I am using EMR step functions to analyze data.
I wanted to store the count of the analyzed dataframe to decide whether I can save it as a csv or parquet. I would prefer CSV but if the size is too big, I wont be able to download it and use it on my laptop.
I used the count() method to store it to a int variable limit
When i try using the following code:
coalesce(1).write.format("text").option("header", "false").mode("overwrite").save("output.txt")
It says that:
int doesnt have any attribute called write
Is there a way to write integers or string to a file so that I can open it in my s3 bucket and inspect after the EMR step has run?
Update: I tried the dataframe method as suggested by @Shu, but am getting the following error.

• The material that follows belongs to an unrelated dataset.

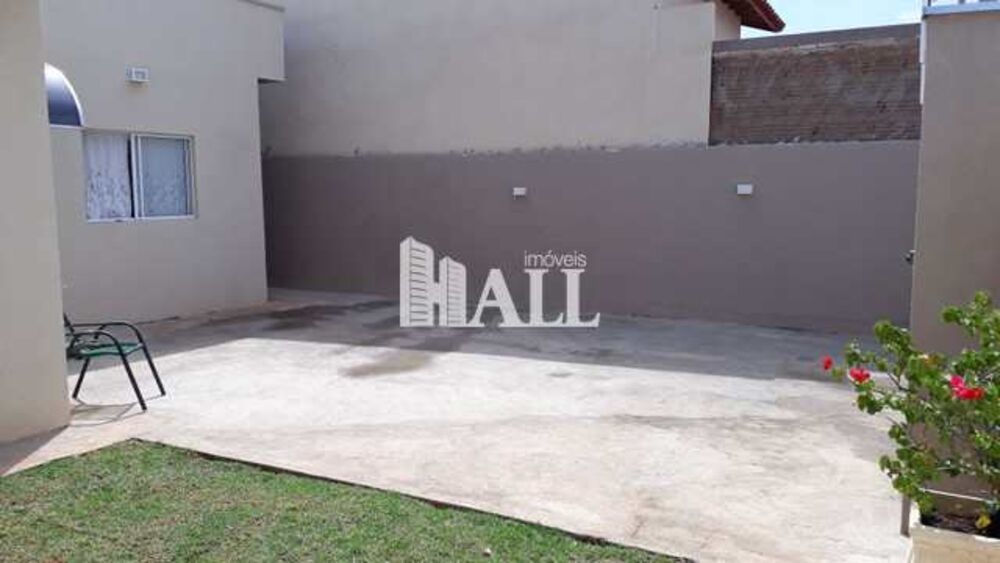 Casa, 3 quartos, 80 m² - Foto 2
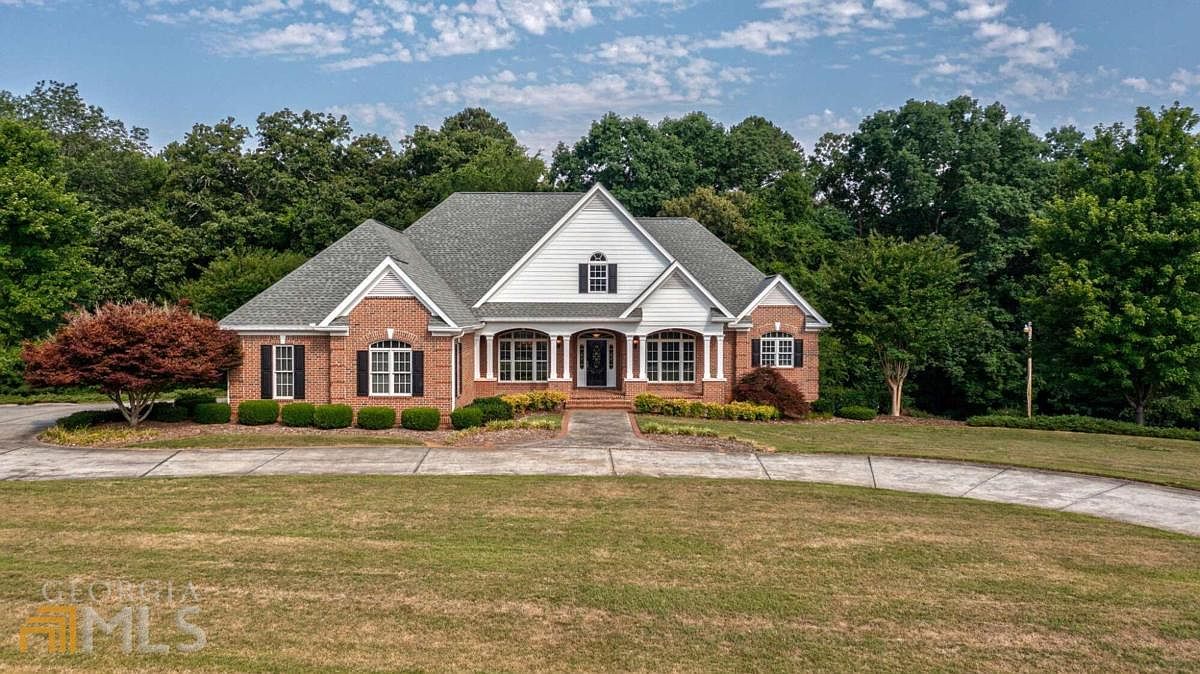 1021 Honeysuckle Dr, Watkinsville, GA 30677 Zillow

Caused by: org.apache.spark.SparkException: Job aborted due to stage failure: Task 0 in stage 13.0 failed 4 times, most recent failure: Lost task 0.3 in stage 13.0 (TID 19396, ip-10-210-13-34.ec2.internal, executor 11): org.apache.spark.SparkException: Task failed while writing rows. at org.apache.spark.sql.execution.datasources.FileFormatWriter$.org$apache$spark$sql$execution$datasources$FileFormatWriter$$executeTask(FileFormatWriter.scala:257) at org.apache.spark.sql.execution.datasources.FileFormatWriter$$anonfun$write$1.apply(FileFormatWriter.scala:170)
What could be the root cause of this?